Chickpea, sweet potato and ginger soup
- 1 brown onion finely chopped
- 0.25 celery whole head finely diced
- 2 teaspoons minced ginger
- 2 garlic clove crushed
- 1 fresh red chilli deseeded, finely chopped
- 500 g sweet potatoe peeled, chopped
- 600 g pumpkin peeled, deseeded, chopped
- 1 400g tin of chickpeas rinsed, drained
- 2 cups reduced-salt vegetable stock
- 20 g pepitas/pumpkin seeds 1 tbsp lightly toasted
- 20 g shredded coconut 1 tbsp lightly toasted
- lime wedge to serve
- Heat the oil in a large saucepan on medium-high heat. Cook onion and celery, stirring, for 5 minutes, or until soft. Add the ginger, garlic and chilli and cook, stirring, for about 1 minute.

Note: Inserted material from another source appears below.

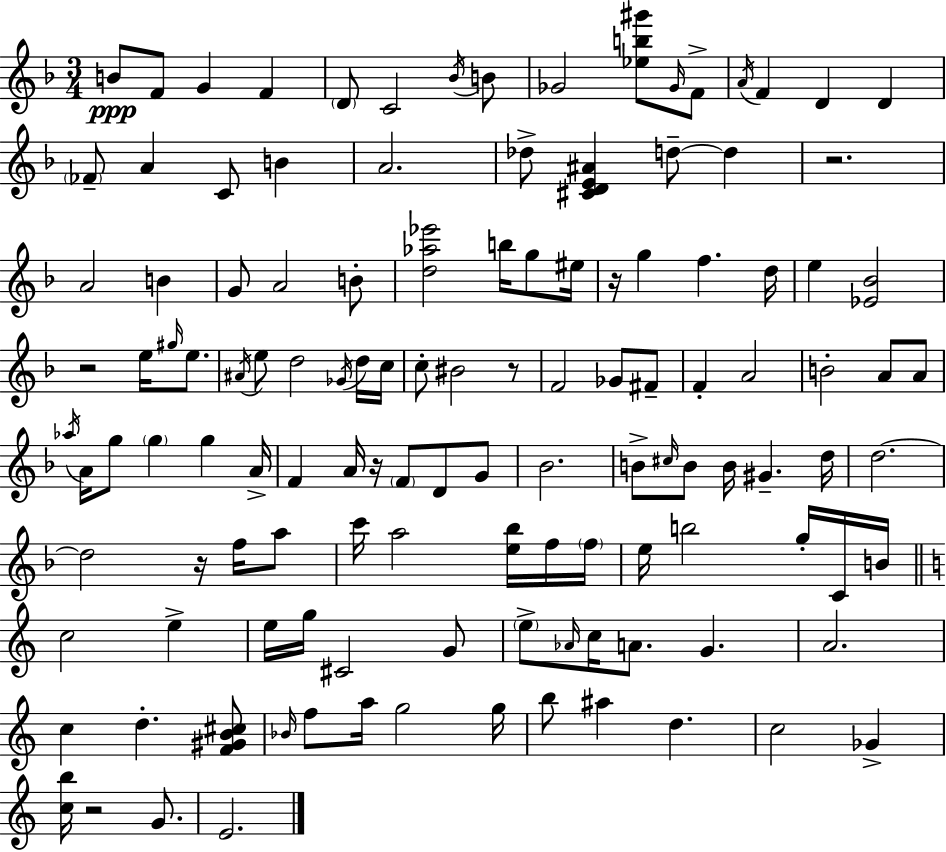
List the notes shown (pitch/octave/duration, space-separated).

B4/e F4/e G4/q F4/q D4/e C4/h Bb4/s B4/e Gb4/h [Eb5,B5,G#6]/e Gb4/s F4/e A4/s F4/q D4/q D4/q FES4/e A4/q C4/e B4/q A4/h. Db5/e [C#4,D4,E4,A#4]/q D5/e D5/q R/h. A4/h B4/q G4/e A4/h B4/e [D5,Ab5,Eb6]/h B5/s G5/e EIS5/s R/s G5/q F5/q. D5/s E5/q [Eb4,Bb4]/h R/h E5/s G#5/s E5/e. A#4/s E5/e D5/h Gb4/s D5/s C5/s C5/e BIS4/h R/e F4/h Gb4/e F#4/e F4/q A4/h B4/h A4/e A4/e Ab5/s A4/s G5/e G5/q G5/q A4/s F4/q A4/s R/s F4/e D4/e G4/e Bb4/h. B4/e C#5/s B4/e B4/s G#4/q. D5/s D5/h. D5/h R/s F5/s A5/e C6/s A5/h [E5,Bb5]/s F5/s F5/s E5/s B5/h G5/s C4/s B4/s C5/h E5/q E5/s G5/s C#4/h G4/e E5/e Ab4/s C5/s A4/e. G4/q. A4/h. C5/q D5/q. [F4,G#4,B4,C#5]/e Bb4/s F5/e A5/s G5/h G5/s B5/e A#5/q D5/q. C5/h Gb4/q [C5,B5]/s R/h G4/e. E4/h.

- Add the sweet potato, pumpkin, chickpeas, stock and 2 cups of water, and bring to the boil. Reduce heat and simmer, uncovered, for 20 minutes, or until vegetables are very tender. Set aside to cool slightly.
- Blend soup in batches until smooth. Return to clean saucepan and heat over medium heat until hot. Season with cracked black pepper. Sprinkle with pepitas and coconut, and serve with a wedge of lime.